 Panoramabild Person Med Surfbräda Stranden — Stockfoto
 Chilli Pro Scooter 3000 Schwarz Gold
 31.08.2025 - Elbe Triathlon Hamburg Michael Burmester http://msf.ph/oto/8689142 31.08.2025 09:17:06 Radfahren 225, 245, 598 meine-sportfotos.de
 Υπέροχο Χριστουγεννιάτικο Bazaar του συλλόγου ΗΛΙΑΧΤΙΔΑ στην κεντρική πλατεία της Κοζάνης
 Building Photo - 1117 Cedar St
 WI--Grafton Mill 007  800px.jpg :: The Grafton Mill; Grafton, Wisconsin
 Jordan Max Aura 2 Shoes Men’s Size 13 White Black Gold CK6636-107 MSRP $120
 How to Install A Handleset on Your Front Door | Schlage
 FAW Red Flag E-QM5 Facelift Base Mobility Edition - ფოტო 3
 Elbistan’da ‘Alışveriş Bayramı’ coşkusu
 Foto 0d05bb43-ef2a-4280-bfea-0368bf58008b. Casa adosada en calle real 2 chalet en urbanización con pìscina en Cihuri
======
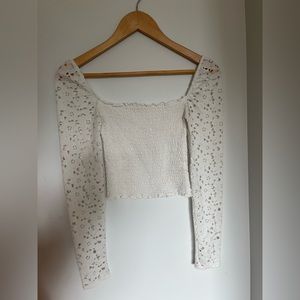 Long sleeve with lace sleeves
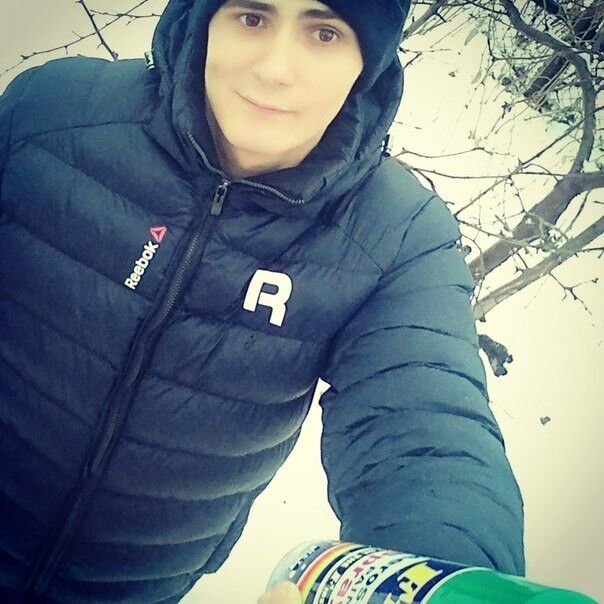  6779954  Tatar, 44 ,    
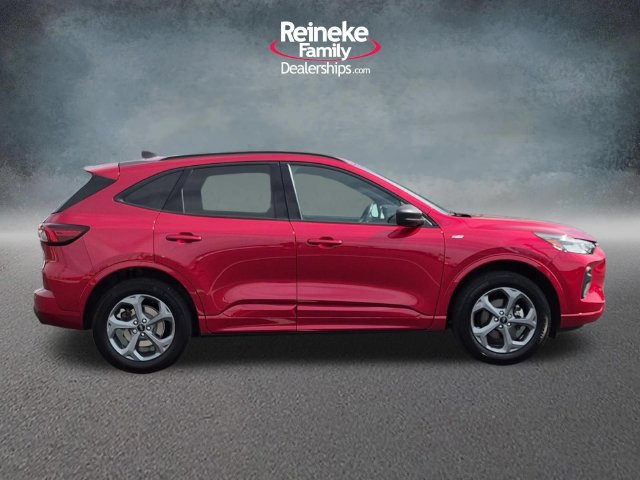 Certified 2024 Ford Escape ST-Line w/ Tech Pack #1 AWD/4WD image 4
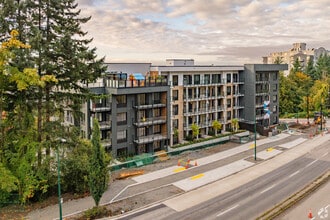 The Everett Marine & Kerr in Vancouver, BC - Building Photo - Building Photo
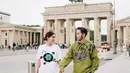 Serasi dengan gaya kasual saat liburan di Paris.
======
■ **YOUR OBJECTIVE**:
Using the listing above, copy exactly the line that contains "Chilli Pro Scooter 3000 Schwarz Gold", the line that contains "Foto 0d05bb43-ef2a-4280-bfea-0368bf58008b. Casa", and each line that falls between them.

■ **SOLUTION BELOW**:
 Chilli Pro Scooter 3000 Schwarz Gold
 31.08.2025 - Elbe Triathlon Hamburg Michael Burmester http://msf.ph/oto/8689142 31.08.2025 09:17:06 Radfahren 225, 245, 598 meine-sportfotos.de
 Υπέροχο Χριστουγεννιάτικο Bazaar του συλλόγου ΗΛΙΑΧΤΙΔΑ στην κεντρική πλατεία της Κοζάνης
 Building Photo - 1117 Cedar St
 WI--Grafton Mill 007  800px.jpg :: The Grafton Mill; Grafton, Wisconsin
 Jordan Max Aura 2 Shoes Men’s Size 13 White Black Gold CK6636-107 MSRP $120
 How to Install A Handleset on Your Front Door | Schlage
 FAW Red Flag E-QM5 Facelift Base Mobility Edition - ფოტო 3
 Elbistan’da ‘Alışveriş Bayramı’ coşkusu
 Foto 0d05bb43-ef2a-4280-bfea-0368bf58008b. Casa adosada en calle real 2 chalet en urbanización con pìscina en Cihuri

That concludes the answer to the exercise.